Genesis (Memory of Fire, Volume 1)
is a monumental work that makes for a rich education. Eduardo
Galeano includes more than three hundred entries, each about a page in
length, capturing events, happenings, or short tales taken from the
Americas, mostly Latin America, beginning with the first voices prior to
Columbus and continuing up to the year 1700. Eduardo Galeano has his
own way of expressing what he reports, often incorporating humor, irony,
or satire. However, whatever he writes, a perceptive reader can detect
great nuggets of wisdom in each and every entry.

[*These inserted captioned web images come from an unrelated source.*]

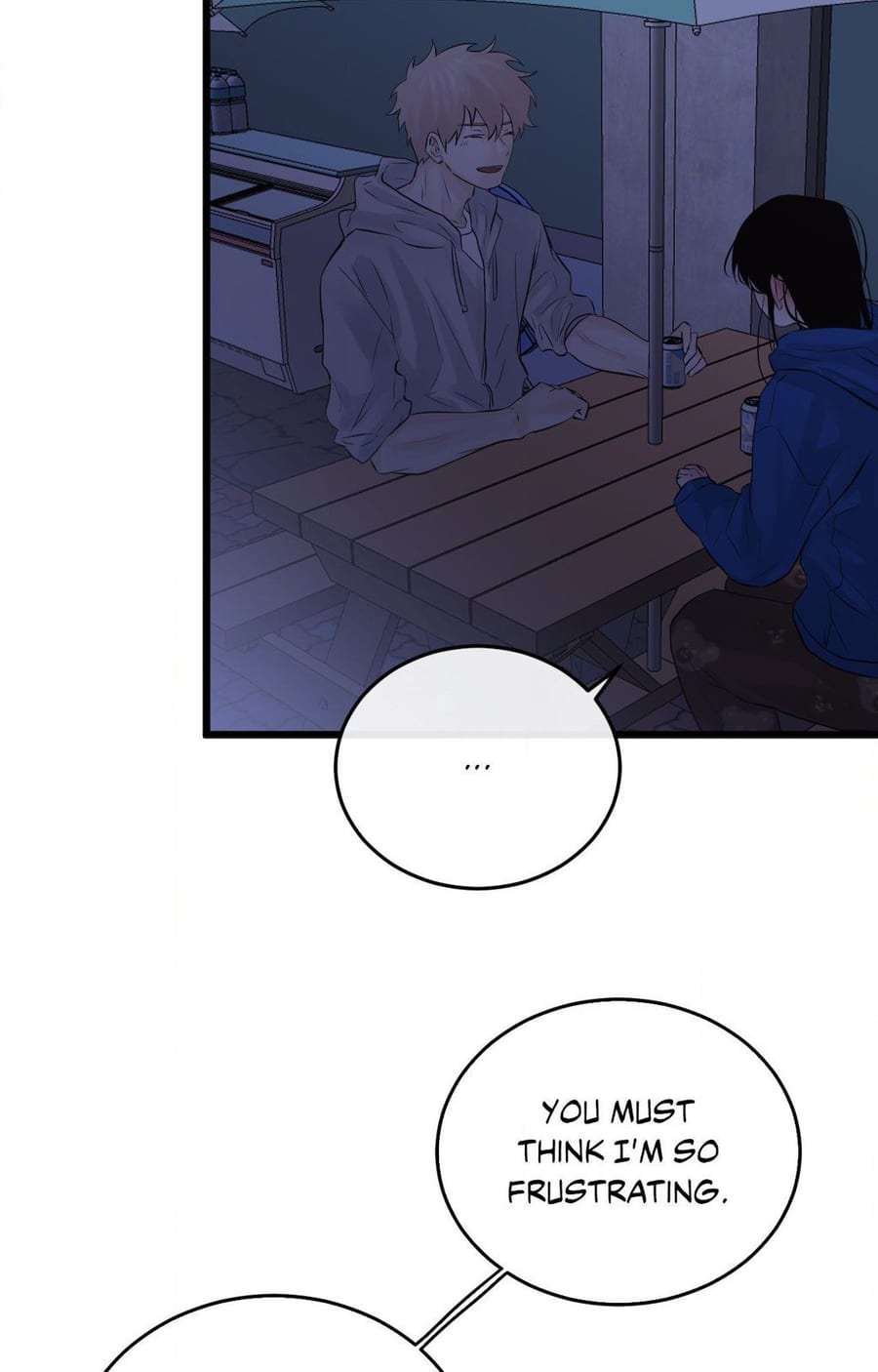 Where the Heart Is Uncensored, chapter 48, page 49 of 79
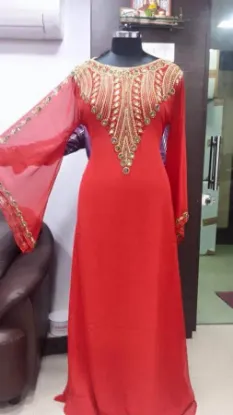 Picture of evening dress is far too,abaya,jilbab,kaftan dress,dub,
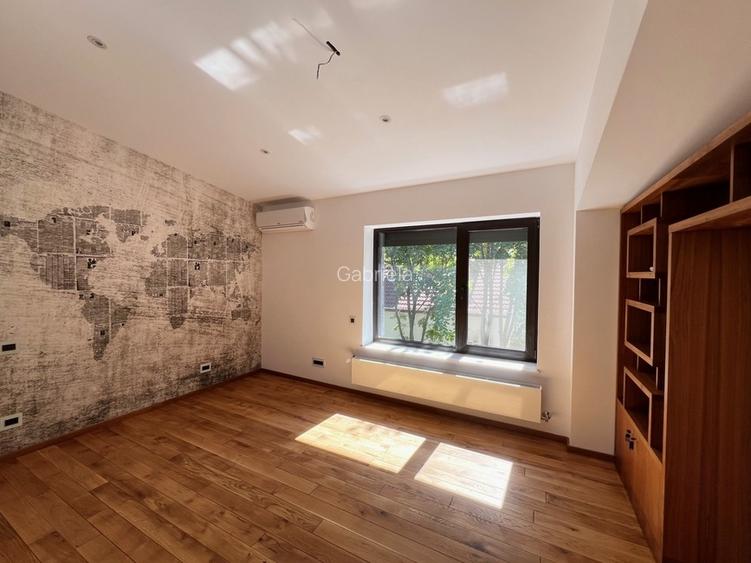 Vila  P+E,  finisaje de exceptie, piscina , IANCU NICOLAE -  Cambridge School - 9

Here are four quotes from Eduardo's Preface that set the tone. I've also includes my modest comments.
"Poor
History had stopped breathing: betrayed in academic texts, lied about
in classrooms, drowned in dates, they had imprisoned her in museums and
buried her, with floral wreaths, beneath statuary bronze and monumental
marble.
Perhaps Memory of Fire can help give her back breath, liberty, and the world."
As
they say, history is the story told by the winners. When Eduardo was a
youngster sitting in class, he had the good sense to know what the
teacher was saying amounted to nothing more than a pile of deadly lies
students were being forced to memorize. When he raised any objection, he
was either told to keep his mouth shut or, more usually, ordered to
leave the classroom.
"I am not a historian. I am a writer who
would like to contribute to the rescue of the kidnapped memory of all
America, but above all of Latin America, that despised and beloved land:
I would like to talk to her, share her secrets, ask of what difficult
clays she was born, from what acts of love and violation she comes."
This
surely counts as one of the book's charms: Eduardo is not a historian
or academic; he's a writer who knows the way something is told is
equally important to what is told, the subject being addressed.
"Memory of Fire
is not an anthology, clearly not; but I don't know if it is a novel or
essay or epic poem or testament or chronicle or . . . . Deciding robs me
of no sleep. I do not believe in the frontiers that, according to
literature's customs officers, separate the forms."
Call it what
you will, but Eduardo has written a work of great literature that will
take its place on the shelf alongside Gabriel García Márquez, Carlos
Fuentes, Mario Vargas Llosa, and Jorge Amado.
"There is nothing
neutral about this historical narration. Unable to distance myself, I
take sides: I confess it and am not sorry. However, each fragment of
this huge mosaic is based on a solid documentary foundation. What is
told her has happened, although I tell it in my style and manner."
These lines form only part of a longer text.